## Work to be completed
Write out the records beneath this line exactly as they appear, minus any images.

(Short web captions)

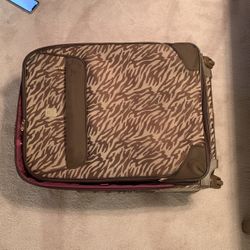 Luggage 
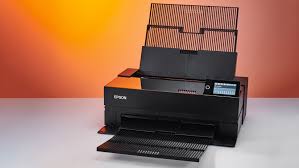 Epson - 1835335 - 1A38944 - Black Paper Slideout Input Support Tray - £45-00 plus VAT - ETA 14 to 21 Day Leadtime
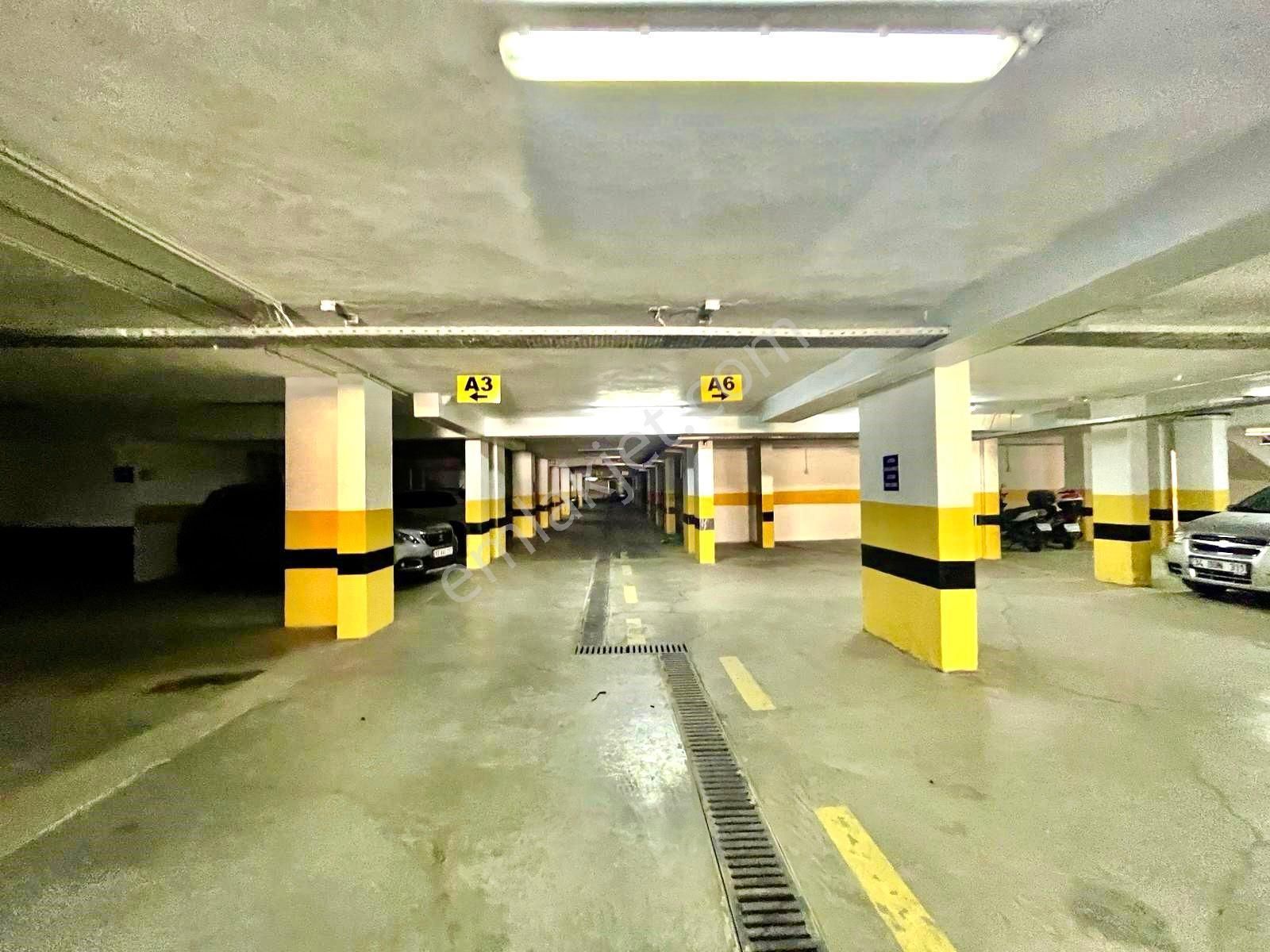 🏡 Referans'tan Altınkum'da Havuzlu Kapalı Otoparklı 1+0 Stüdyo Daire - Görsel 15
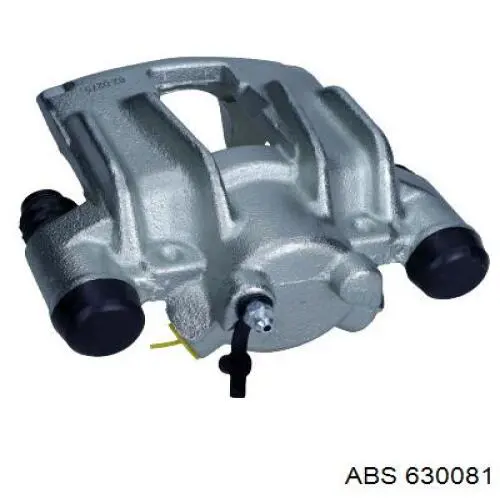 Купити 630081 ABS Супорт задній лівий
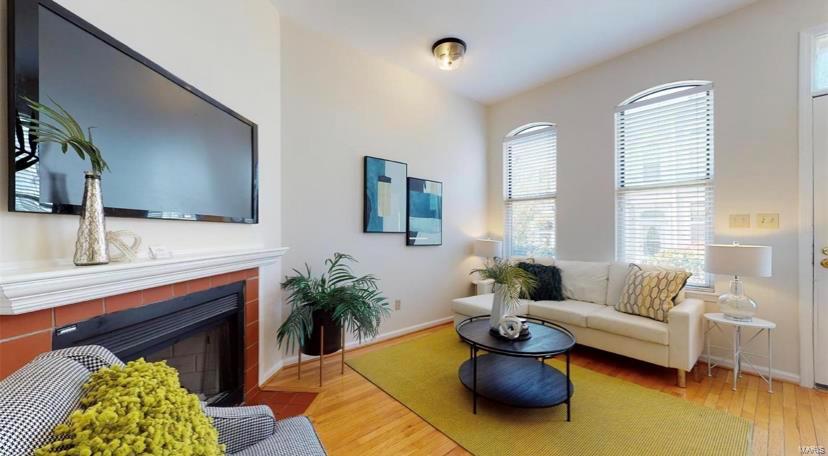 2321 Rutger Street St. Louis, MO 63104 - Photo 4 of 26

## Written solution
 Luggage 
 Epson - 1835335 - 1A38944 - Black Paper Slideout Input Support Tray - £45-00 plus VAT - ETA 14 to 21 Day Leadtime
 🏡 Referans'tan Altınkum'da Havuzlu Kapalı Otoparklı 1+0 Stüdyo Daire - Görsel 15
 Купити 630081 ABS Супорт задній лівий
 2321 Rutger Street St. Louis, MO 63104 - Photo 4 of 26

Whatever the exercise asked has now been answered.